Nokia’s developer event is launch pad for desi innovation
Bangkok (Thailand), Oct. 31 If the much touted Web 2.0 — the Internet’s Second — community-based — Coming, is already upon us, can its cellular-phone based avatar, Mobile 2.0, be far behind?
Nokia, the world’s largest mobile phone maker thinks it is high time – and its summit for the developer community, which opened here on Tuesday, helped showcase what customers can expect by way of compelling next-generation value-additions in the coming months.
Hotbed of innovation
A strong contingent of developers from India — many of them start-ups — had an unstated message for the assembled delegates from world-over. This was not just one of the biggest and fastest growing markets for cellular services; it was also a hotbed of innovation in mobile applications.
As an interesting aside on what is seen in India to drive the mobile business, almost all the desi technologies on display were in the enterprise space – while Chinese players seemed to be concentrating on applications in the entertainment and gaming arena.
Putting the Maharashtra metro firmly on the map as a creative hothouse, were two Pune-based firms whose offerings seemed to complement rather than compete.
Persistent Systems showcased a mobile-based enterprise content search tool where search engines like Yahoo or Google could be integrated with a corporate database like Oracle or SAP and the contents searched even from the mobile phone of an authorised user.
Another Pune-based player, Mobien Digital showed a tool which synchronised the home Enterprise Resource Planning (ERP) system with the mobile phone so that data could be exchanged – even a dot matrix printer remotely activated.
In an application targeted at telecom providers, the Gurgaon-based Aims Migital showed how the Bluetooth connectivity of many phones could be leveraged to increase footfalls in shops and malls – by messaging phone owners going past a particular retail outlet. It is already being tried out in many Delhi malls, the Migital General Manager, Mr Rishi Dawar, said.
The UK and Singapore-based Affle, a mobile developer with a Gurgaon research base, offered service providers the means to add a second layer to the SMS message – pushing cricket scores, stock prices and other value-additions in the often used screen space of a text message.
The Noida-based start-up MCarbon will shortly launch in the Indian market its first product – an ‘interactive SMS’ solution. This will convert static SMS messages into dynamic tools that will interact, live with the users and allow them to access services of their choice, explained MCarbon’s Director-Sales and Marketing, Mr Rajesh Razdan.
Mr Shankar Meembat, Regional Director (Asia-Pacific) for Forum Nokia — the developer outreach of the Finnish handset maker — explained that the customer will increasingly drive mobile content and services — and telecom providers would ignore this at their peril.

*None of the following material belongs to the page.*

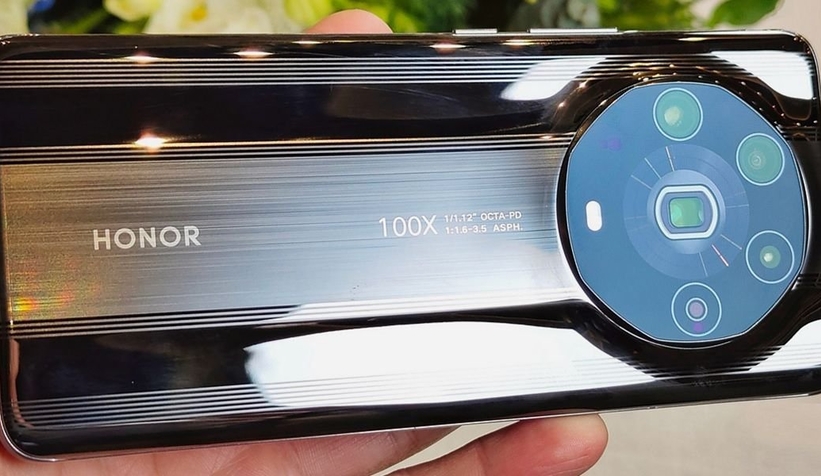 En iyi kameraya sahip akıllı telefon belli oldu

Mr Meembat told Business Line that while India had about 1.3 million software developers, only a tenth of this number were known to be addressing mobile applications. Indian developers had a huge potential to leverage the global market for convergence solutions in the cellular space, he felt. Forum Nokia already counted over 1 lakh members in India – the largest chunk of developers in Asia-Pacific.